THE SAME COUNTRY and not the same. Summer now, not spring. The same rental car—a Peugeot—and nothing like the same; all the models of everything had been changed. In thirteen years the French government had extended the autoroute through much of the Quercy, shortening the trip from Paris by an hour. Unless you happened to be me. If you were me, peering anxiously through the windshield with the road atlas on your lap, you’d get lost somewhere in the Paris banlieue and the trip south from the airport would take two hours longer than it took that other time, back when the map was written with the names only she knew how to pronounce.
Not everything was different. Tiny cups of bitter coffee along the way, a croque-monsieur. Around Châteauroux, the open fields of turned soil and vibrant yellow and cool green beginning to lose ground, gain complexity, geometry, grow humps; become the Limousin, old hill country of stone walls and red-tiled roofs. Then off the autoroute, onto the small roads that curved and dipped. Low hills already parched and half browned under the full blaze of summer, Roman-nosed sheep packed like salmon in meager wedges of shade offered by the odd plum or walnut tree, swallows perched on telephone lines like unused punctuation. The few cows paragons of bovine stillness. The valley and the narrow gray-blue river, the miles of jagged limestone walls, the hamlets and their simple white signs, the market town with the half-timbered facades in the square, the food shops where she’d shaped her tongue around the words and made them delicious.
I followed the river out of town until I lost sight of it. I climbed the road that wound up the side of the mountain. And then in my mirror the wide valley and the river were splayed out again.
My breath had quickened and I was beginning to sweat. At the top, on the plateau, I turned left, away from the single-lane road flecked with sheep droppings that led to the house where once, thirteen years before, Claire and I had stayed.
The nearest village sat on top of the mountain three kilometers away. Undoubtedly a place of significance once, with fortified walls built straight into the mountainside and long views of the valley.
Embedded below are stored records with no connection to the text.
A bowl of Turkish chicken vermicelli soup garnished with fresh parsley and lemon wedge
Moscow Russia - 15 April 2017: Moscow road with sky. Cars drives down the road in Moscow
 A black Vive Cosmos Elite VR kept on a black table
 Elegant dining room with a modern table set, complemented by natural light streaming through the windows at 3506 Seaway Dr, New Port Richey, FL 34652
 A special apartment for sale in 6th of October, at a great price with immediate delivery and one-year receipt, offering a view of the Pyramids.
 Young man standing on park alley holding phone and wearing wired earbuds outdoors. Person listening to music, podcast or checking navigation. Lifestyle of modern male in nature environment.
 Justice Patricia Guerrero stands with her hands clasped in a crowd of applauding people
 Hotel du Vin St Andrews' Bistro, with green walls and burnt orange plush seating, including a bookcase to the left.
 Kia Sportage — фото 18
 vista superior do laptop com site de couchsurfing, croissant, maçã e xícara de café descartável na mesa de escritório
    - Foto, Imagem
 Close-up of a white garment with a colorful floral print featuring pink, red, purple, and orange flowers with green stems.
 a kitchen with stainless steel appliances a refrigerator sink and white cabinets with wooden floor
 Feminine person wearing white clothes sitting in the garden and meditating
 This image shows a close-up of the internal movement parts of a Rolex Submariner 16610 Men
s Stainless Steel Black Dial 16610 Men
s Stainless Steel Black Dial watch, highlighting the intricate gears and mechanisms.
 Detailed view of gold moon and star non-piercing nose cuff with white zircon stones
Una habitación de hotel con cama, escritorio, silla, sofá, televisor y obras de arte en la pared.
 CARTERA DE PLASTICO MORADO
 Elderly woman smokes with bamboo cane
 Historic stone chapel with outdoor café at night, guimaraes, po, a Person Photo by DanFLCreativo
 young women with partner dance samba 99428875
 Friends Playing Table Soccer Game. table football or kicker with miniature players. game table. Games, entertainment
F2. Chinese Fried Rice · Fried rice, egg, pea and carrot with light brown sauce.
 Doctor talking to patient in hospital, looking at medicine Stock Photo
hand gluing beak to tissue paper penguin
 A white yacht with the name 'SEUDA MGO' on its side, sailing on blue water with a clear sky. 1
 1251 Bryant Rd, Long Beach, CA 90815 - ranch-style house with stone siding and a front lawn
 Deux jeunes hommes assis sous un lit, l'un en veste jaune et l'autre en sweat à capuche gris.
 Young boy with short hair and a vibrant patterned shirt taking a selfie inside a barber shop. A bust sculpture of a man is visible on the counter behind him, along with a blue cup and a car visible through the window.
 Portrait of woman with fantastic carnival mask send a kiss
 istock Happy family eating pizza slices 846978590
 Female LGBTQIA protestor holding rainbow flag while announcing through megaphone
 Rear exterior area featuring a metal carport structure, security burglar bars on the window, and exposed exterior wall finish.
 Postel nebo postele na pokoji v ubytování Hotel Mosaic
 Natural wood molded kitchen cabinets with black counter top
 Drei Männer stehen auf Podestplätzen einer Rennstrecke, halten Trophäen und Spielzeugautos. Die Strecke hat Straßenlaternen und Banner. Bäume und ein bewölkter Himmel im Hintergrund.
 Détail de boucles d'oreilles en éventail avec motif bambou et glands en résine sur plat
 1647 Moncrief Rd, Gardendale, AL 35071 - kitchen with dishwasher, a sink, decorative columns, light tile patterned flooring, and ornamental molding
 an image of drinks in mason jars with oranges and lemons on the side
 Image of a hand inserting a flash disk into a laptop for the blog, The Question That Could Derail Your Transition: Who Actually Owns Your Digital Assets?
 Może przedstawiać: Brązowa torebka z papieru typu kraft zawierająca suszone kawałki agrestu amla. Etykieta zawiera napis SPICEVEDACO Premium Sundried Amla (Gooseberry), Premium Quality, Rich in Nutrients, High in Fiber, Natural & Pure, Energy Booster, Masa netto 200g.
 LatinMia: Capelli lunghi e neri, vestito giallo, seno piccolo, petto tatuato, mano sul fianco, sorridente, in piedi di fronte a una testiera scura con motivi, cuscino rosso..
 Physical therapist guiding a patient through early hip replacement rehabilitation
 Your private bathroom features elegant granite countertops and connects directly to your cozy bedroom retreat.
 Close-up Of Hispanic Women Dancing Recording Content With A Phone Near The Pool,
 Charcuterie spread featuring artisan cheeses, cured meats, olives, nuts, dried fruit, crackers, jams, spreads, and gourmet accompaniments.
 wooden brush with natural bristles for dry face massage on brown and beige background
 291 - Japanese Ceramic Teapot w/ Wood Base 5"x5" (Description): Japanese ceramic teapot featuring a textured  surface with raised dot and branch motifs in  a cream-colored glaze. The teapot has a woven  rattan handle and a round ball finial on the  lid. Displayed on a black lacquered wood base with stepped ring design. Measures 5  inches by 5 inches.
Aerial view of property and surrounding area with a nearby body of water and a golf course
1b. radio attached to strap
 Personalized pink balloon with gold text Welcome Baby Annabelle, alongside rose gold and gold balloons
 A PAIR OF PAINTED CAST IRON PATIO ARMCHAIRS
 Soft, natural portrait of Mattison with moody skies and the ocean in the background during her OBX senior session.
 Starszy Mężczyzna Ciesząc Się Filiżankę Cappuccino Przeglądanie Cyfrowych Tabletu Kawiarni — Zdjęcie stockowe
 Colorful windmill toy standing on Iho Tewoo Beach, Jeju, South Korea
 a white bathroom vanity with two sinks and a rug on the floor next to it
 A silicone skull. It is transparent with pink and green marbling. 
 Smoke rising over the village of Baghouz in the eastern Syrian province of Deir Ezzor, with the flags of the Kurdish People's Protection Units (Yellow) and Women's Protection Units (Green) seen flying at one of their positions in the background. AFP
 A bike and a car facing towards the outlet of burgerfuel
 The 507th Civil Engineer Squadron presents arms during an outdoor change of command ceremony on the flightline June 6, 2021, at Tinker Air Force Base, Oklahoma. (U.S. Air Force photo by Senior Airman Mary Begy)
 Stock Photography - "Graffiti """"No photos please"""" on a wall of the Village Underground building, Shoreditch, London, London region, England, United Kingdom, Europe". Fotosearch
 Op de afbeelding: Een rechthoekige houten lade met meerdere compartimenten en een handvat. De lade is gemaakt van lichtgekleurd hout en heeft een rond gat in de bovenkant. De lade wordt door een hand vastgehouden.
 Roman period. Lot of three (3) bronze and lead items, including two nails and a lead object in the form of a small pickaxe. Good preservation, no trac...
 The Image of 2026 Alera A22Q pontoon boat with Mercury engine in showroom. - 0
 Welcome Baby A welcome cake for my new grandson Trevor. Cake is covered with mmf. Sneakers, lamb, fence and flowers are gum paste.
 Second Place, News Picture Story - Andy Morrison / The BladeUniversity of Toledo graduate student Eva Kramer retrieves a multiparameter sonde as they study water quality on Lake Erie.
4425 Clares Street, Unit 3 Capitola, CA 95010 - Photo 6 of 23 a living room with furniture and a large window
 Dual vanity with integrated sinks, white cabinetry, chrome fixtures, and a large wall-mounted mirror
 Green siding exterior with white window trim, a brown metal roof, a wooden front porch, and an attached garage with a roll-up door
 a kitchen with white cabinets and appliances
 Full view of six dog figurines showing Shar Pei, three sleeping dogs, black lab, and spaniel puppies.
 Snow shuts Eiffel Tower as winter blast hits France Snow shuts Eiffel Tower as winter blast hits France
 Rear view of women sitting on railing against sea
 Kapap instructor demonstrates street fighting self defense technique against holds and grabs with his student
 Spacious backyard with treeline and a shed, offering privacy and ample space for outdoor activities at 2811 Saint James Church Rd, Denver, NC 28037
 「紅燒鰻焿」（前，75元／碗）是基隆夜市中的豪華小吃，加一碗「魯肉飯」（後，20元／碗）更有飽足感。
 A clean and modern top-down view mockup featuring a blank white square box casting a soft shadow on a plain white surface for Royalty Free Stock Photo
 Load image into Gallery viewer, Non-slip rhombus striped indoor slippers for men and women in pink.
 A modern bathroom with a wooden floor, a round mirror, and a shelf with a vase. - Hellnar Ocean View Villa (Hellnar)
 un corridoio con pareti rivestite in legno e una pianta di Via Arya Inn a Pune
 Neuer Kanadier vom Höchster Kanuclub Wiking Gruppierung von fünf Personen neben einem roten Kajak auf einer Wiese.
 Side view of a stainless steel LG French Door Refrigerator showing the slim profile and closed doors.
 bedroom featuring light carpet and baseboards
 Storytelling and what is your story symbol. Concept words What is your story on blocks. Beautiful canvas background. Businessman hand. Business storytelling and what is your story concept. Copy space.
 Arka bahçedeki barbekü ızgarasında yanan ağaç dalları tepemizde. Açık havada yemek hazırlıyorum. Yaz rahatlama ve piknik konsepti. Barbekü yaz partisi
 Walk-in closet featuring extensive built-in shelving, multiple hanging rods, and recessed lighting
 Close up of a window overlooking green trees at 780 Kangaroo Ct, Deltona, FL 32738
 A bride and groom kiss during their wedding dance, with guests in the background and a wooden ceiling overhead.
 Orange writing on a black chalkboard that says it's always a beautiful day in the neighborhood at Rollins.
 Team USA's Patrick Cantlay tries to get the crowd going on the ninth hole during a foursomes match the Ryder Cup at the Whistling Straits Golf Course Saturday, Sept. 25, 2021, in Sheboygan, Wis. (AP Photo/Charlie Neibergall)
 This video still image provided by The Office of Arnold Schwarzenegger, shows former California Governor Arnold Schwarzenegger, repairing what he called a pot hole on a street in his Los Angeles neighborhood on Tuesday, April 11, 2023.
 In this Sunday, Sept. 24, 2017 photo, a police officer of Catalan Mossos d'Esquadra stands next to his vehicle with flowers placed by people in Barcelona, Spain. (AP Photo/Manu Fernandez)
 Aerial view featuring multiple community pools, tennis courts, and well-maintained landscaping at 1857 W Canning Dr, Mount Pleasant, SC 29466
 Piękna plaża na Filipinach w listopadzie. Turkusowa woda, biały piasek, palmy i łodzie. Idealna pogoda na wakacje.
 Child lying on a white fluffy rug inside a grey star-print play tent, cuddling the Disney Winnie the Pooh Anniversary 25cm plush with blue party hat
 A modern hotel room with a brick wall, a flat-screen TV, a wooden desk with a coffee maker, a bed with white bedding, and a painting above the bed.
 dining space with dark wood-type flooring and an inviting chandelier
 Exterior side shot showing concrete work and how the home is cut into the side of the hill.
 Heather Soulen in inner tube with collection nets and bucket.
Though by now irremediably shrunken, several sizes too small for its own history, its constituent parts reduced to an épicerie with a FERMÉ sign hanging on its glass door, an auberge with eight rooms, and a pack of scrawny dogs who began barking at the sight of my car. There wasn’t even a café.
I parked in the tiny square beneath a brutally pruned chestnut tree and entered the Auberge du Soleil.
Behind the desk, leaning on it as though for support, stood a solidly built old man. He straightened up when he saw me.
“Monsieur, bonsoir.”
My French was halting at best. I asked for a room.
I was in luck, I understood him to say. Usually this time of year there were no vacancies. But a cancellation had opened a room. One of the better ones. Avec la vue, he said, though the price was of course reasonable. And might he ask for how long I would be staying?
I said I didn’t know. Exhaustion was taking over; it was difficult to speak any language. When he took my credit card he inquired whether I had ever been to the region before. Once, I mumbled, a long time ago. He waited for me to say more, but I shook my head and opened my hands in a helpless gesture, and on a chair nearby a gray scruffy dog woke from its nap and regarded me with interest. Then, with slow measured steps, the man helped me with my bags up the stairs to my room. There was no elevator.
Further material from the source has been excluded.